There are at least a dozen Scandinavian clubs or societies in New Zealand and other gatherings have taken place in Norsewood, Masterton, Hastings, New Plymouth, Foxton and Auckland, where the Scandinavian Club (Inc.) was founded in July 1939 (according to its July 1979 newsletter, held in the Hocken Library, Dunedin).

Despite the level of Scandinavian immigration, and the obvious interest in their Scandinavian ancestors shown by many of the members of these clubs and societies, there is but little evidence of an active Scandinavian print culture in New Zealand. George Conrad Petersen (1956) records four short-lived periodicals in Scandinavian languages: Brevduen (The Carrier Pigeon), a religious monthly edited by Edward Nielsen in Mauriceville in 1875; Skandia, a newspaper edited by a Palmerston North bookseller and produced by the Manawatu Times at the end of the same year; and two more religious papers: Pastor Georg Sass's Evangelical Lutheran Monthly (1881), and Pastor D.G.M. Bach's The Scandinavian Lutheran Weekly, which was published alternately in Danish and English from June 1915 until Bach left Mauriceville in 1916.

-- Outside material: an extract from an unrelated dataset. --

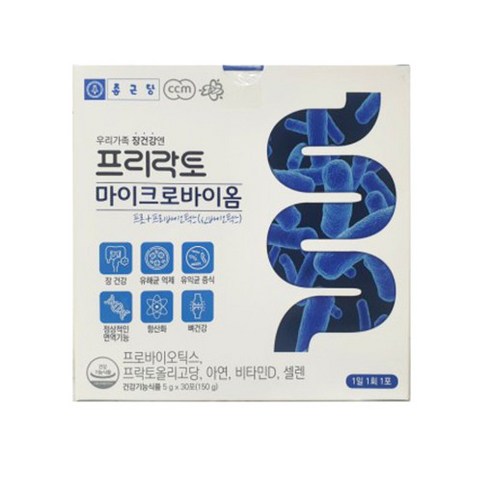 마이크로바이옴 혈당 유산균 중성지방유산균 락토바실러스 플란타룸 람노서스 plantarum q180 소화효소 식후 혈당 관리 케어 프리미엄 장건강 활성 유익균 식약처인증, 1개, 150g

As regards more literary texts, all Petersen has to offer is poet Lars Andersen Schou, who wrote 'En ny sang' (A new song) in 27 verses in the early years of immigration, and 'Fremad paany' (Onward again) in 1910 (Petersen, pp.114-117).

In contemporary New Zealand literature, Scandinavia is represented solely by texts in English. Yvonne du Fresne (b.1929) makes good use of her cultural heritage in her short stories featuring Astrid Westergaard, a young girl of Danish ancestry growing up in the Manawatū; du Fresne also sets part of her novel Motherland (1996) in Denmark. Carin Svensson (b.1942), on the other hand, is a Swedish immigrant who has chosen to write her own fiction in English, publishing a volume of short stories and a novel before returning to Sweden. She has also contributed to the cultural exchange with her native country by translating Janet Frame's Living in the Maniototo (1979) into Swedish: Bodde alltid i Maniototo (1990).

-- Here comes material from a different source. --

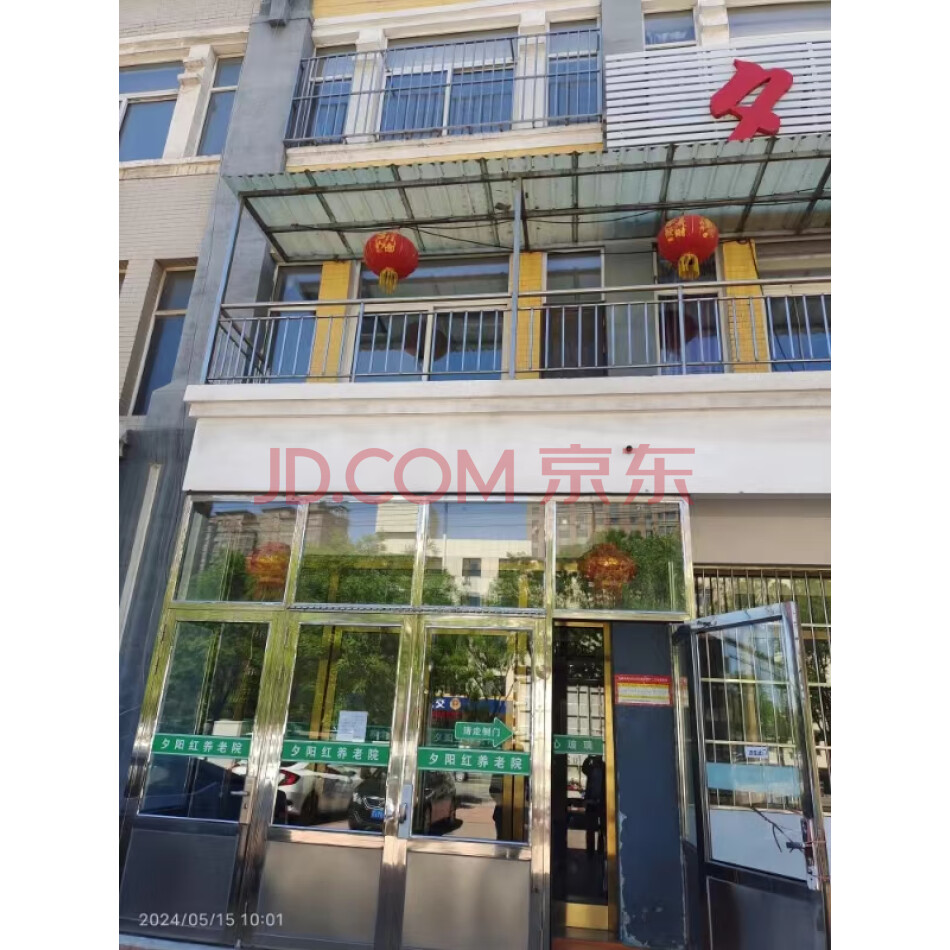 河畔花园商业区D#02015、02016、02017、02018、02019、020110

What printed works in the Scandinavian languages are held by New Zealand libraries? In early 1997, enquiries were sent to public libraries in the four main centres in New Zealand, as well as three other centres. Replies were received from Auckland, Wellington, Christchurch and Invercargill. Auckland Public Library and the Canterbury Public Library have the largest holdings: Auckland held 104 books in all the Scandinavian languages (Danish, Icelandic, Norwegian and Swedish), though only two were in Icelandic, while Canterbury listed 67, with Swedish- and Danish-language books making up the bulk of them. There were only 11 books in Swedish in Wellington, and none in any of these languages in the smaller centre of Invercargill.

By far the most extensive collection of books in the Scandinavian languages is that in the University of Auckland Library. The only university course in Scandinavian studies in New Zealand is that which was set up (as part of the Department of Germanic Languages and Literature) at the University of Auckland in 1965, though Old Icelandic is taught from time to time at other universities (primarily Otago and Massey). Since that time, the library has built up a collection which would be no disgrace to a public library in a reasonable-sized Swedish town.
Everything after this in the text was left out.